Several major insurers sought and were recently granted premium bumps by the California Department of Insurance.
"We've got a lot more rate hikes coming," said Jamie Court, the president of Consumer Watchdog. "We're talking about hundreds of dollars per person, and we're also talking about 20% of the market has now had rate hikes. So we have about 80% of the market that are asking for rate hikes."
California law requires insurance companies to get approval for rate hikes from the state. Any requested hikes higher than 6.9% require a public hearing.
"So they're all asking for 6.9% and many of them are getting 6.9% and we don't think they all deserve 6.9%" Court told Eyewitness News. "This commissioner was not (eager) to approve rate hikes in the year before he was re-elected. And then after he was re-elected, he turned on the spigot."
Court was referring to California Insurance Commissioner Ricardo Lara, who will also decide on rate hike increases from even more insurers in the upcoming weeks. But a spokesperson for the department says approvals for auto insurance rate hikes are actually at a 10-year low.
"The experts at the Department of Insurance are focused on protecting consumers," wrote spokesman Michael Stoller. "We are doing all we can within the limits of voter-approved Proposition 103 to make sure Californians do not pay more than they have to and that they have the power to choose what insurance is best for them."

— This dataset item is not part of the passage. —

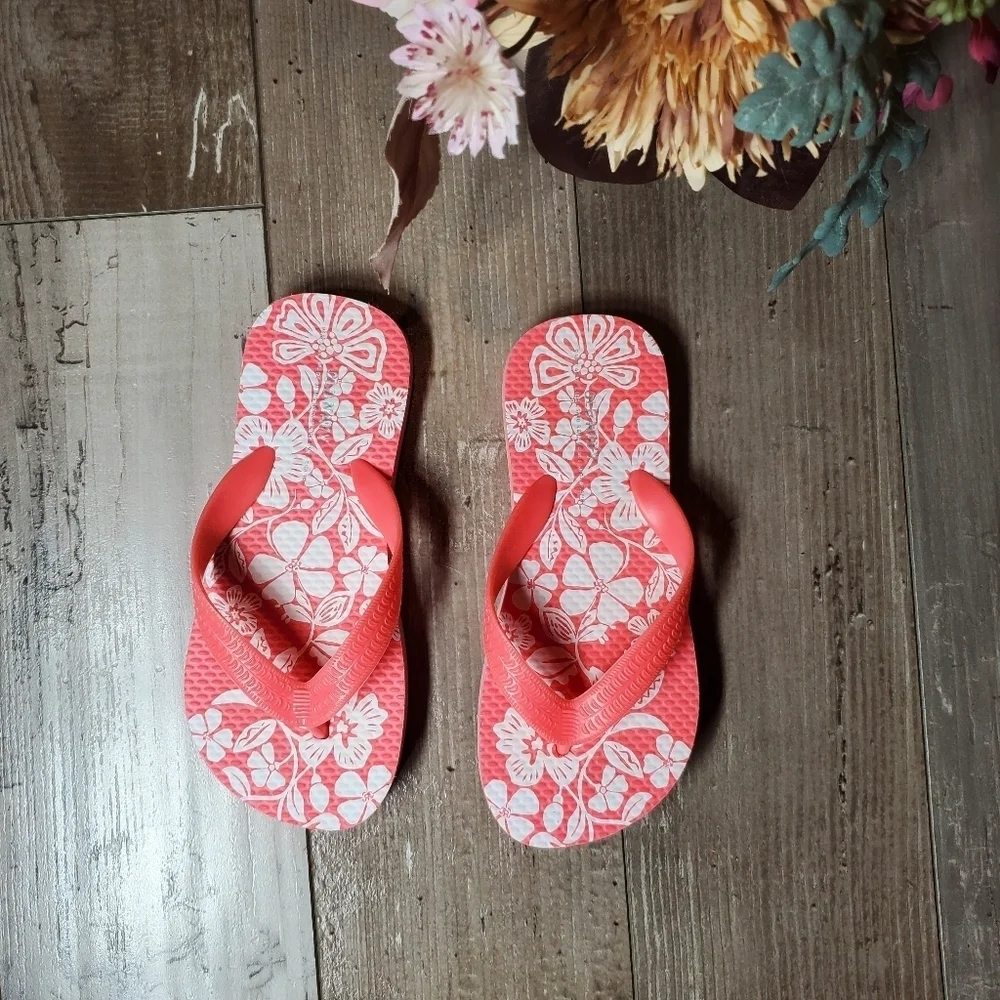 Old Navy Peach Coral Floral Girl Flip Flops Size 12/13 EUC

Car insurance experts point out that California had gone two years during the pandemic without any rate increases. But California is still one of the costliest states in which to insure a vehicle. Only Florida, Michigan, Louisiana and Delaware have higher auto insurance rates.
"States that have natural disasters have higher rates because insurance companies suffer big losses," said Laura Longero, executive editor of CarInsurance.com, adding that California's expensive health care and massive amount of cars also add to the high prices. "More traffic means more accidents which means higher rates."

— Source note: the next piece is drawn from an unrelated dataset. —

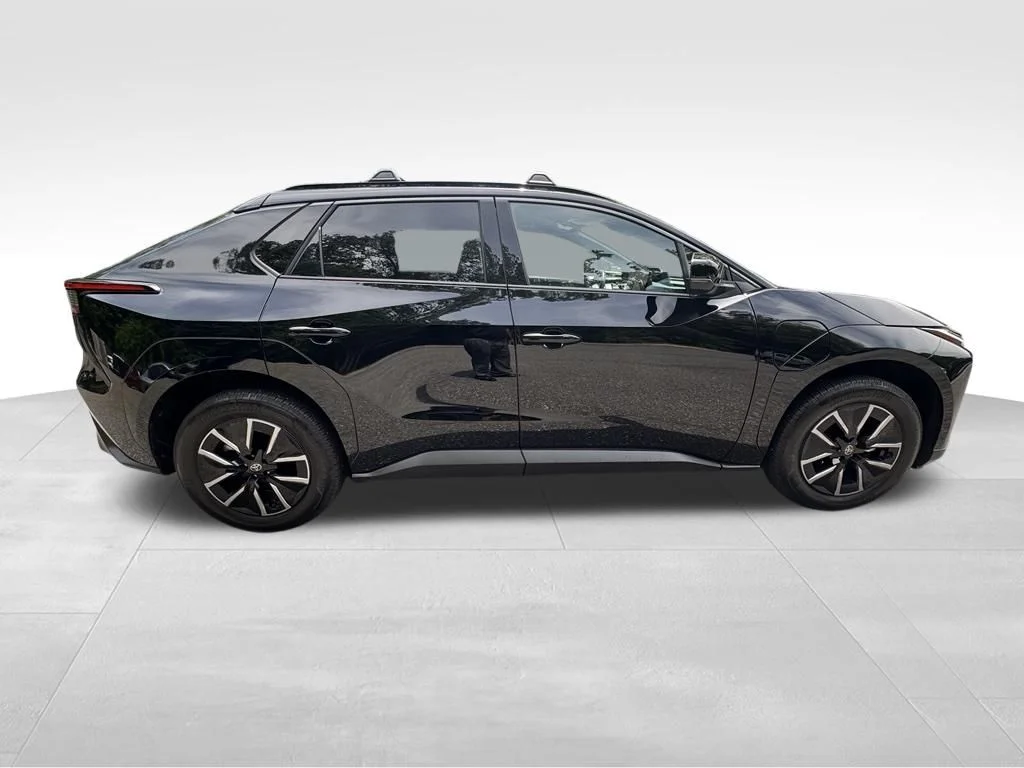 Used 2026 Black Toyota XLE image 5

But Consumer Watchdog says insurance companies overcharged California drivers during the pandemic years, when few people were on the road. Court says the amount adds up to between $3 billion to $5 billion, money he says Commissioner Lara promised to get back to Californians.

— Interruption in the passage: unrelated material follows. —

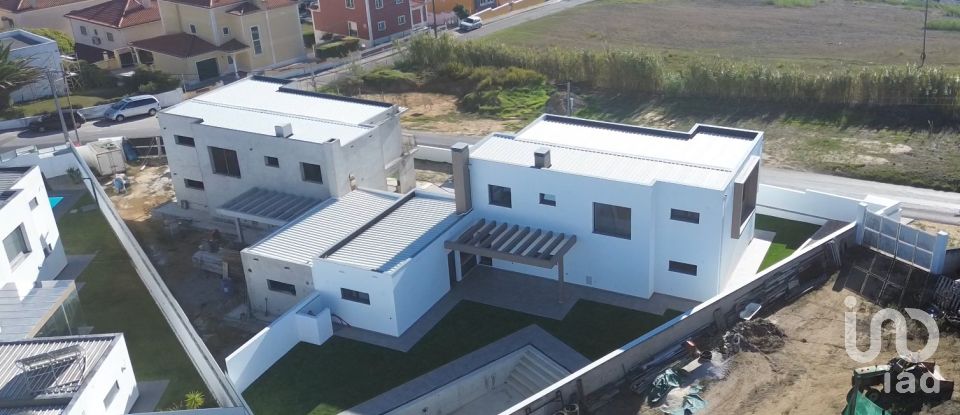 Moradia T4 em Silveira de 238 m²
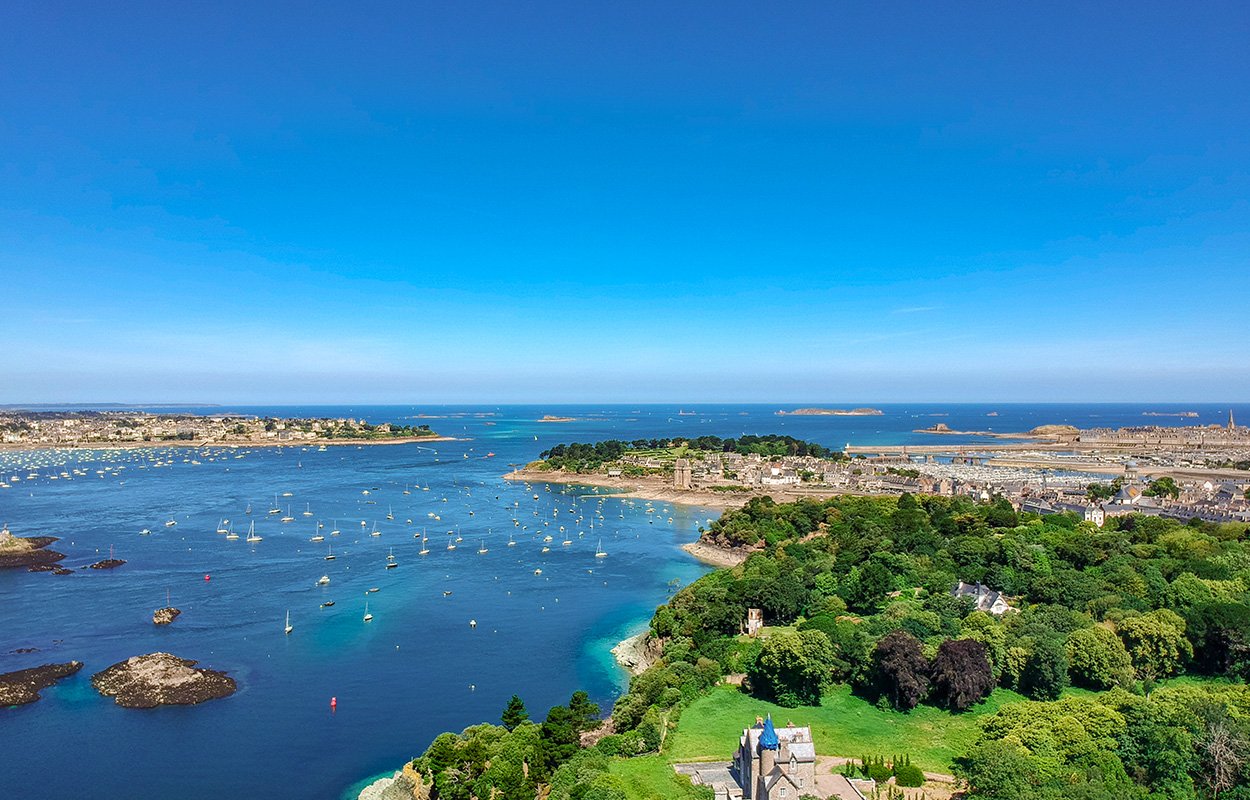 Vue en drone de Saint-Malo et Dinard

"We don't think the commissioner should be approving rate hikes until he delivers on his promise to get us refunds," said Court.
According to CarInsurance.com, the average premium for full coverage auto insurance in California is $2,110 per year. The national average for the same coverage is $1,583, a difference of $527.
Longero says people need to shop around for the best rates every six months, when their current policy is set to renew. She says it could save you up to $800 per person, per year.